What the task asks >> Take the data below and copy exactly the lines starting at the one with "Complete Data Science" and finishing at the one with "HBSE 10th Class", both included.

Exercise data >>

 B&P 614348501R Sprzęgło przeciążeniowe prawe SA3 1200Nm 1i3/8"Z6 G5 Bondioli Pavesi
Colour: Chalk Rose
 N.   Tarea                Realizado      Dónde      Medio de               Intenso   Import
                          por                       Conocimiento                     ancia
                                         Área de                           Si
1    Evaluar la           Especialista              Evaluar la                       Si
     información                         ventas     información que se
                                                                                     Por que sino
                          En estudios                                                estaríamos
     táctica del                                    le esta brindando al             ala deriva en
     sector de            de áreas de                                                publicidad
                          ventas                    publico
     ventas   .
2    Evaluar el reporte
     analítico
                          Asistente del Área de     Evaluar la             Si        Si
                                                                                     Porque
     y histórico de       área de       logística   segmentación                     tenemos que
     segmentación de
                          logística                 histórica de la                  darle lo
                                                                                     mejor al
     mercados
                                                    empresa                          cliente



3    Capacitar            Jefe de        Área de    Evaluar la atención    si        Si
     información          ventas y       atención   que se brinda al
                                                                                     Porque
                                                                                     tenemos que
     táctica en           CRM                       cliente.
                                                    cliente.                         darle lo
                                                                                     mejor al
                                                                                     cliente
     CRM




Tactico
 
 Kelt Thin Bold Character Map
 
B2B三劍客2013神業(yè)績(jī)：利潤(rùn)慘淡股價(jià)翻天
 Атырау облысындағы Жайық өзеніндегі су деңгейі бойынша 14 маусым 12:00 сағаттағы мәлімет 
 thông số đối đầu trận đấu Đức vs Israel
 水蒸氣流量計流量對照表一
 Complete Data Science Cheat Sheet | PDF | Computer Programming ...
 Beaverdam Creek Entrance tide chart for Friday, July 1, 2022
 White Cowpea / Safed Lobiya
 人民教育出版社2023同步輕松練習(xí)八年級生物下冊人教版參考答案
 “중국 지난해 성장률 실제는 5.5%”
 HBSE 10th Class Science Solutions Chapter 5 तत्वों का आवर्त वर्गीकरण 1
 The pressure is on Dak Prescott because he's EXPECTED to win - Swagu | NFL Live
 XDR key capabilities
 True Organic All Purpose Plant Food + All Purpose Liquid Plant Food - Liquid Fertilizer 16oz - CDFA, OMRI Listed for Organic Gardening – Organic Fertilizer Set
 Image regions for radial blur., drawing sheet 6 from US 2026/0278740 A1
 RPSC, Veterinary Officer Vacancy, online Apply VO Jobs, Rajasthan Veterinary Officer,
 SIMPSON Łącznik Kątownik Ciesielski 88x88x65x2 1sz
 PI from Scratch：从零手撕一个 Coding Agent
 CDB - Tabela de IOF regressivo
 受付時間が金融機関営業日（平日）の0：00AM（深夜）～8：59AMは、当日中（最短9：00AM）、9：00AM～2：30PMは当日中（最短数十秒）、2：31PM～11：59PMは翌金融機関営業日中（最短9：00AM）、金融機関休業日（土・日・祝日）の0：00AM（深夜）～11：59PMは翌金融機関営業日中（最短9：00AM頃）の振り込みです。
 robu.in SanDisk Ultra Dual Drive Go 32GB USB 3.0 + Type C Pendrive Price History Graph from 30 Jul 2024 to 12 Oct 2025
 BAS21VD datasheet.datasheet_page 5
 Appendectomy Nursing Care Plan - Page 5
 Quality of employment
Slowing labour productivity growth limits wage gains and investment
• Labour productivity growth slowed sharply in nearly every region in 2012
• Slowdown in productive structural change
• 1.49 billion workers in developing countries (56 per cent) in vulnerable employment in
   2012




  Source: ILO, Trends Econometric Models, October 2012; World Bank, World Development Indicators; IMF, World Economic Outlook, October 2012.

Answer box >>
 Complete Data Science Cheat Sheet | PDF | Computer Programming ...
 Beaverdam Creek Entrance tide chart for Friday, July 1, 2022
 White Cowpea / Safed Lobiya
 人民教育出版社2023同步輕松練習(xí)八年級生物下冊人教版參考答案
 “중국 지난해 성장률 실제는 5.5%”
 HBSE 10th Class Science Solutions Chapter 5 तत्वों का आवर्त वर्गीकरण 1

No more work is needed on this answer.